The Elegance of Personalization
Among the thorniest problems posed by mass marketing and economic modernity — at least from the vantage of marketers themselves — is overchoice.
In short: People have a difficult time making a selection when they’re presented with an abundance of options.
In less short: People like options in the abstract. And, given a choice between many options and fewer options, reliably opt for more. But – and this is where it gets thorny – once they’re in a high-option environment, often fail to make a choice.
In The Art of Choosing, Sheena Lyengar describes a study wherein consumers had to choose between two tables selling jam. The first table displayed six different jams. The second displayed 24.
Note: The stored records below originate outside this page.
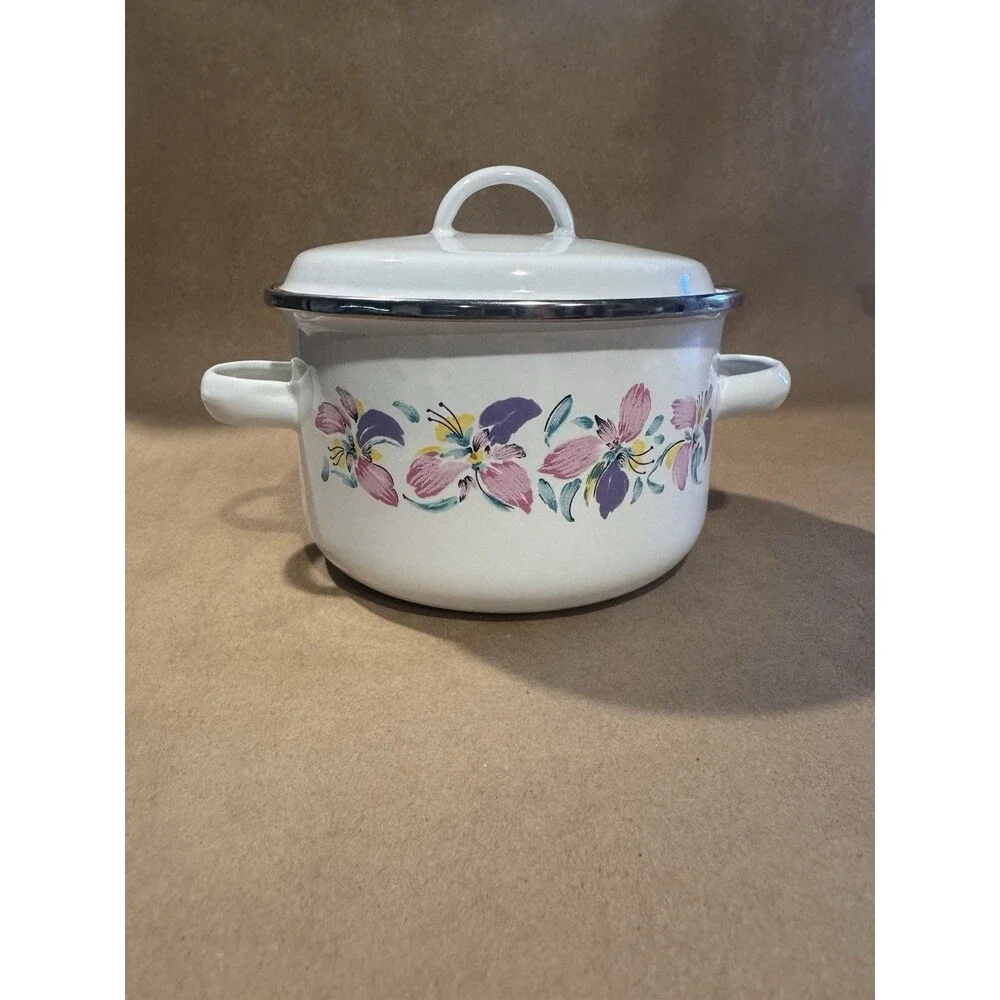 Small Floral Enamel Stockpot w/ Lid, Round Double Handle, White Multicolor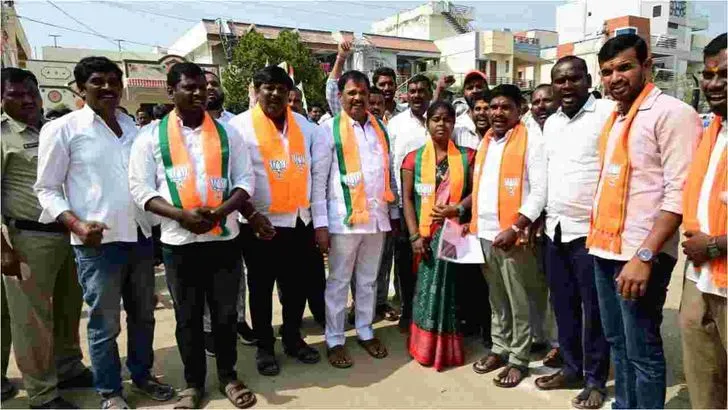 మున్సిపాలిటీల్లో పోటాపోటీగా నామినేషన్లు..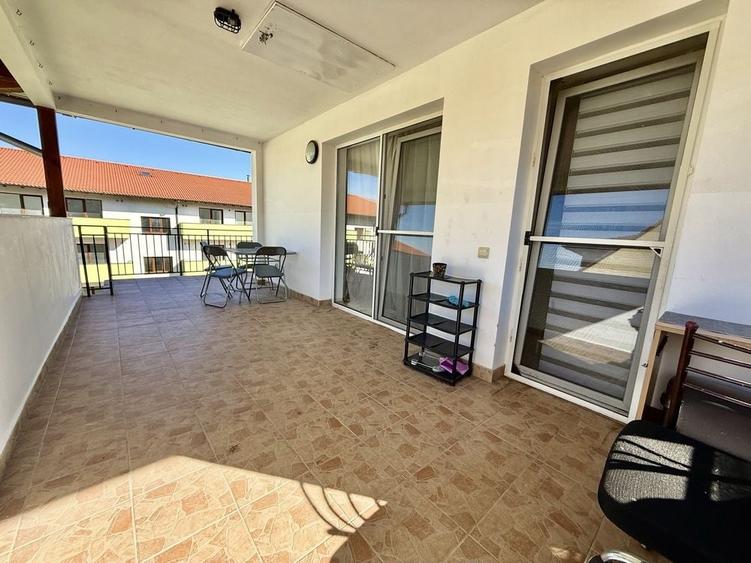 Apartament cu 2 camere decomandat în Florești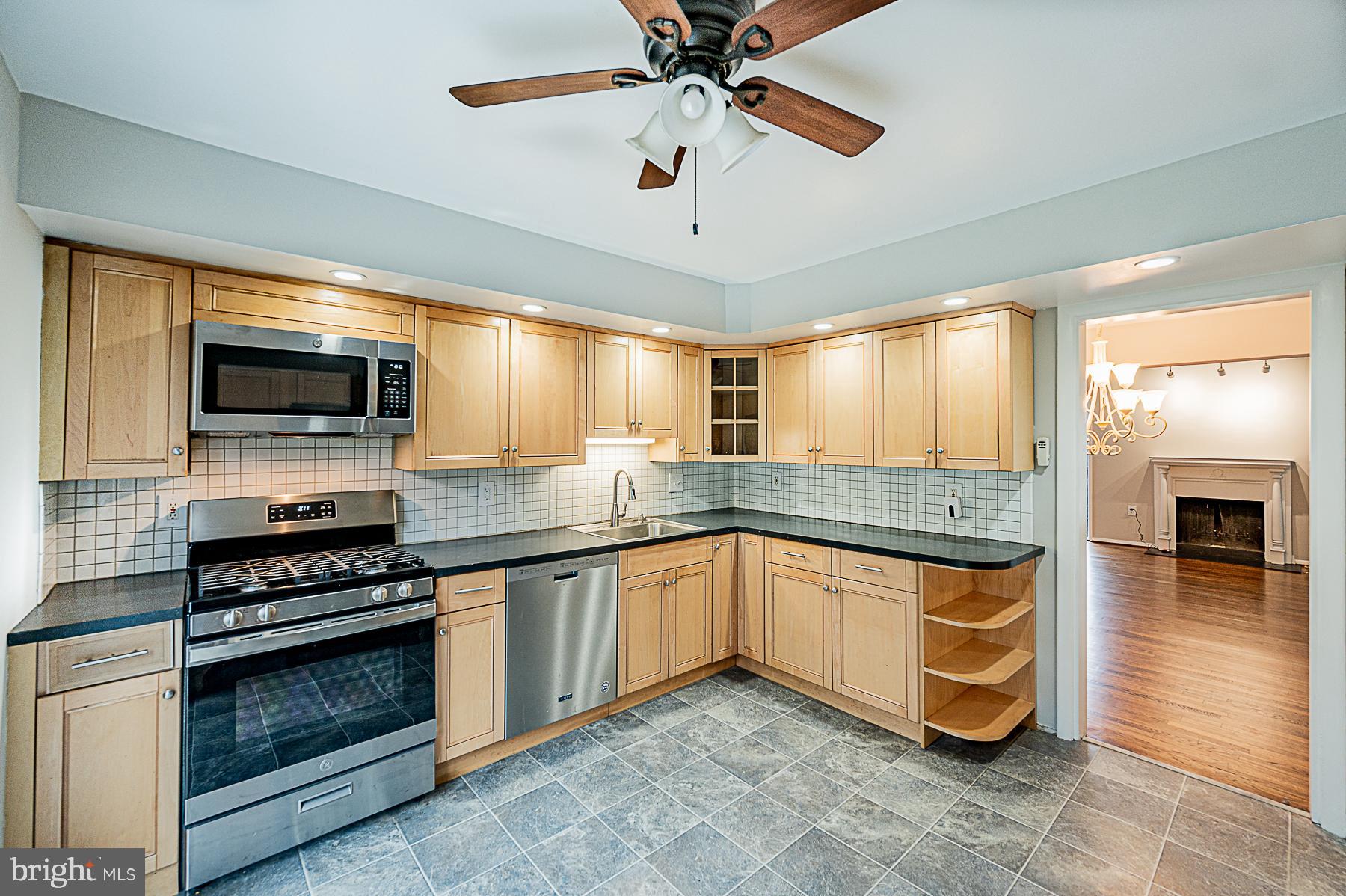 GREENBERRY WOODS - Residential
60 percent of people stopped at the larger table and 40 percent chose to shop at the smaller table. So, an early win for variety. But, when the time came to actually make a purchase, only three percent of the visitors to the big table did so. Meanwhile, 30 percent of the shoppers at the small table made a purchase.
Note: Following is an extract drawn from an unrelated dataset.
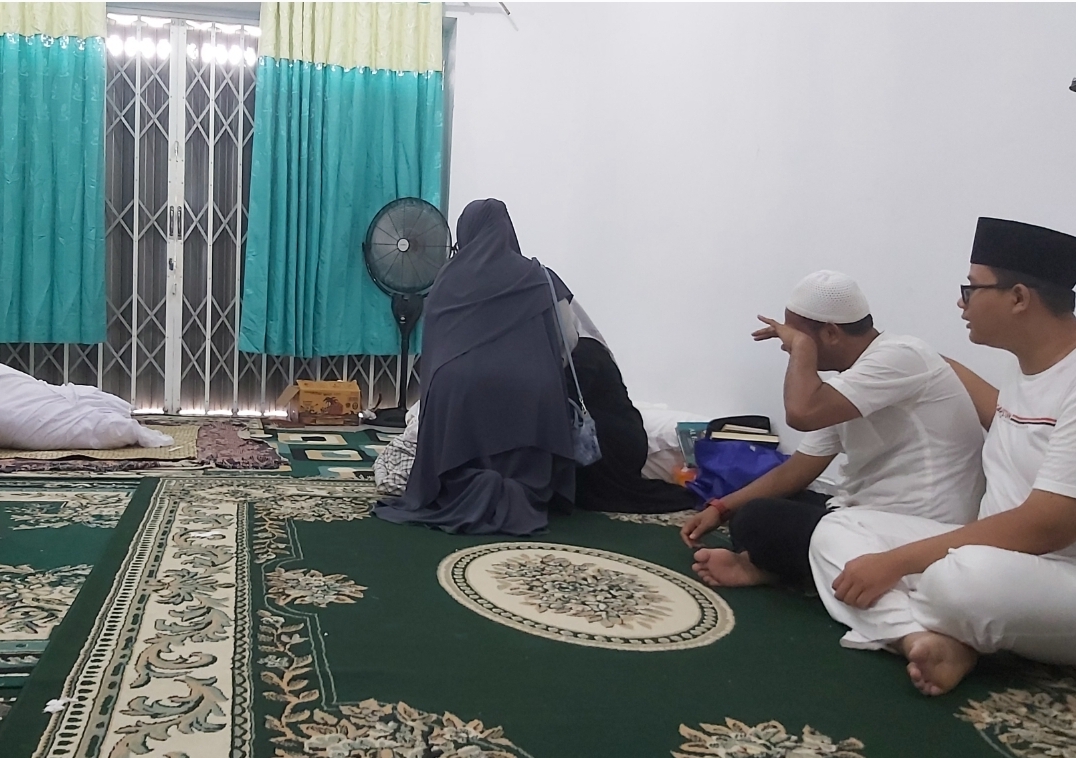 PENGHORMATAN TERAKHIR: Pihak keluarga saat mendampingi jenazah Mantan Sekda NTB Muhammad Nur di rumah duka Mataram, Rabu (25/12). (NURUL/LOMBOK POST)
It’s a tidy illustration of the tension that consumers – as well as the brands and marketers architecting their choices – face: People like options, and the promise of products that fit them. But the optionality that gets them in the door ultimately repels them when it’s time to make a purchase.
Personalization, at bedrock, is the most efficient way to thread this needle. Whether through a digital experience, or, increasingly, bespoke products and services, it enables a mass consumer artifact to be customized to an individual. The days of parsing 100 mustard varieties at the supermarket are gone. We’re in the era of your mustard, selected just for you based on purchase history, the results of a brief survey you took, and some other secret data sauce, and delivered right to your door. It preserves the wealth of options, but eliminates the burden of choice – or at least transfers it from the customer to the brand.
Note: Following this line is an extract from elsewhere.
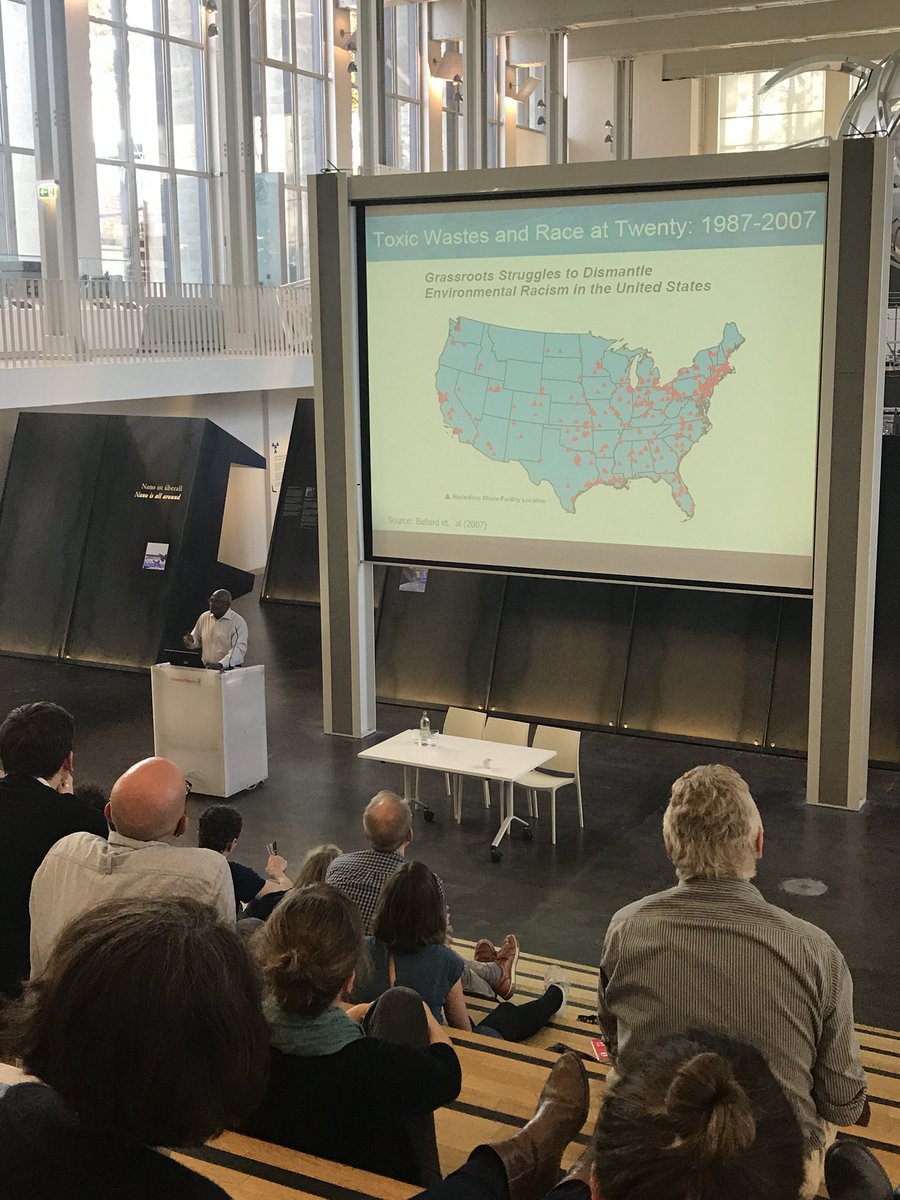 haztravrcc's tweet photo. "They named it environmental equity, we continued using the term environmental (in)justice!" Thank you @DrBobBullard for your passionate talk on the continuation of environmental racism in the US! #haztrav #envhum #envhist https://t.co/dLPcJm71Ov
During a period of, to put it mildly, bad press for personalization, it’s useful to remember this fundamental usefulness. Our customers certainly do.
According to Deloitte, 22 percent of consumers are willing to share data in exchange for a more personalized product or service. At first blush, this isn’t a particularly high number. It means 78 percent of customers are either unwilling or unsure. But set against a backdrop of headlines like this, this, and this, it looks terrific. And when you layer in that 20 percent of customers with an interest in personalized products and services are willing to pay a premium to receive them, the public’s satisfaction with personalization looks almost miraculous.
There is ample room for improvement, but personalization, as a practice, is sound. It’s lucrative for brands, it benefits customers, and it’s the simplest way to execute a fundamental economic function – present customers with options, while steering them toward the right one.
What personalization has is a marketing problem. It’s the sort of problem, you’d hope, our industry would be well-equipped to solve.